If you have your Bibles with you please open them up to Mark 1, Mark 1.
Have you ever had just an all around great day?
Whether it was at work or at home - it was just a day that everything went perfectly.
Maybe you woke up and your kids had already made themselves breakfast and were busying themselves cleaning the house.
If you have had a day like that can you tell me what it was like.
Or you went to work and a major project just came together on time and everything was perfect.
Jesus had just experienced such a day.
He had attended synagogue with His disciples and was asked to be the guest rabbi and deliver the teaching.
During His teaching a man with an unclean spirit had interrupted His teaching and He had delivered him and cast the spirit out.
He’d left the Synagogue and went to Peter’s house where He healed his mother-in-law of a debilitating fever and then, after sunset, had proceeded to heal many from the surrounding town who came to Peter’s home to see Jesus.
It was one of those days after which many of us would just want to rest or, more likely, to bask in the glory of the “beautiful” day that we’d just had recounting stories of it to our friends.

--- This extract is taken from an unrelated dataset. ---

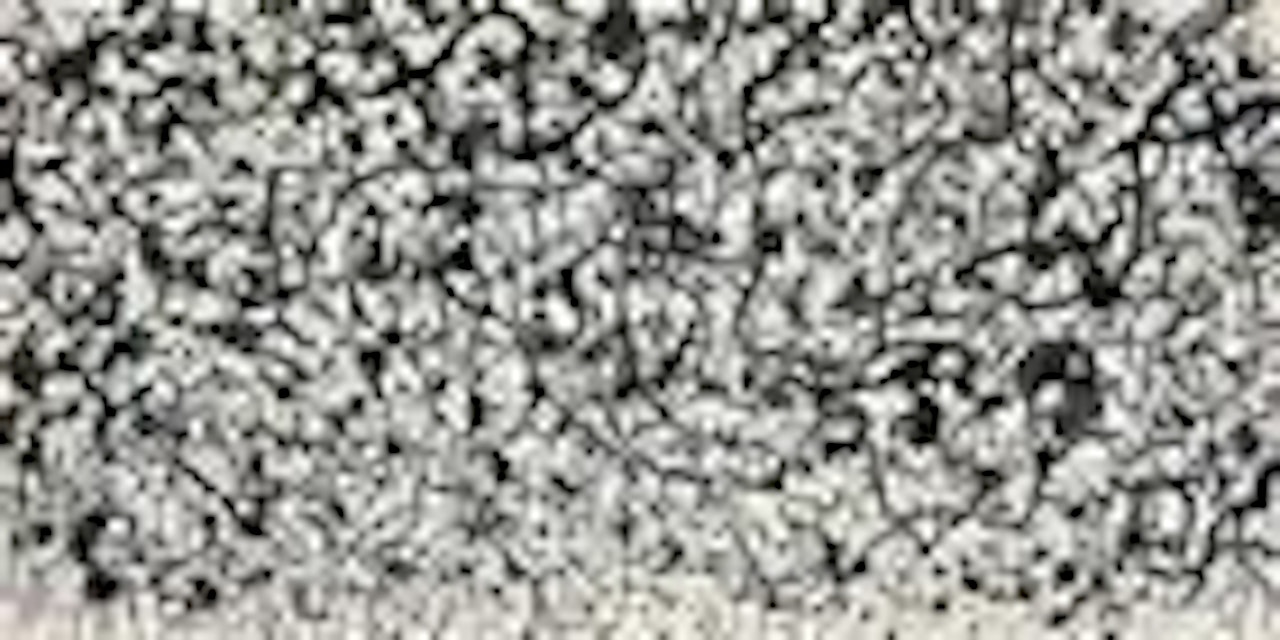 Vines by Wu Guanzhong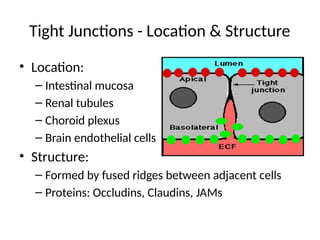 Fused Ridge Example Diagram INTERCELLULAR JUNCTIONS or CONNECTIONS BY DR K AMBAREESHA | PPTX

Christ was at a point of crossroads and His disciples thought one direction would be best but His Heavenly Father told Him to go in another direction.

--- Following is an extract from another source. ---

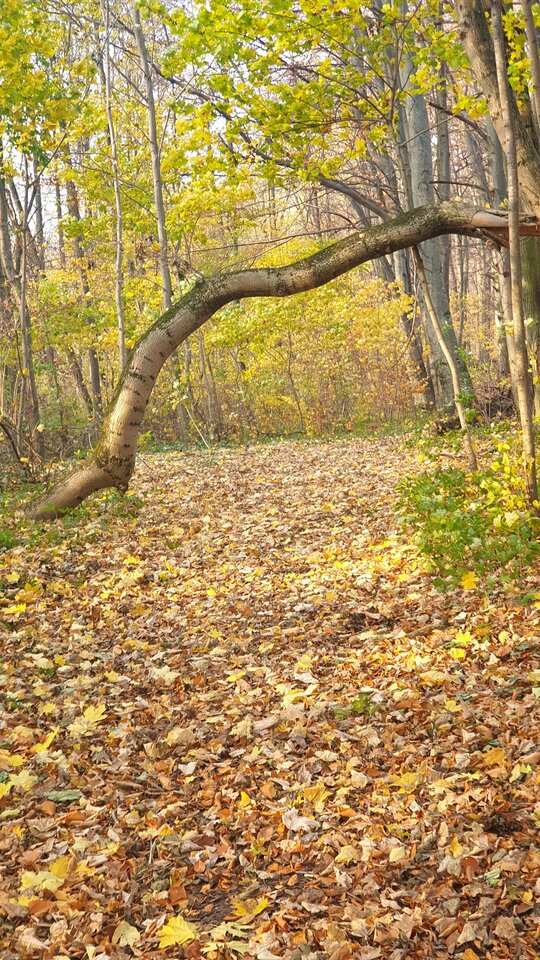 20211102_133610.jpg - reporter13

We’re going to see three critical principles in this text that can help guide us in our ministry and personal directions.
The first is Christ’s Communication, then the Disciple’s Distraction and finally Christ’s Colporteur.
That last is actually a noun but I’m taking a bit of license with the language and making it an adjective just for this message.
It means one who distributes religious tracts.
Christ’s Communication
It was early in the morning as Christ rose and left the home of Peter.
He’d been up late into the night healing many who had come to the door of the home where He was staying.
But now in the early morning hours He rises from His rest to seek time alone with His Heavenly Father.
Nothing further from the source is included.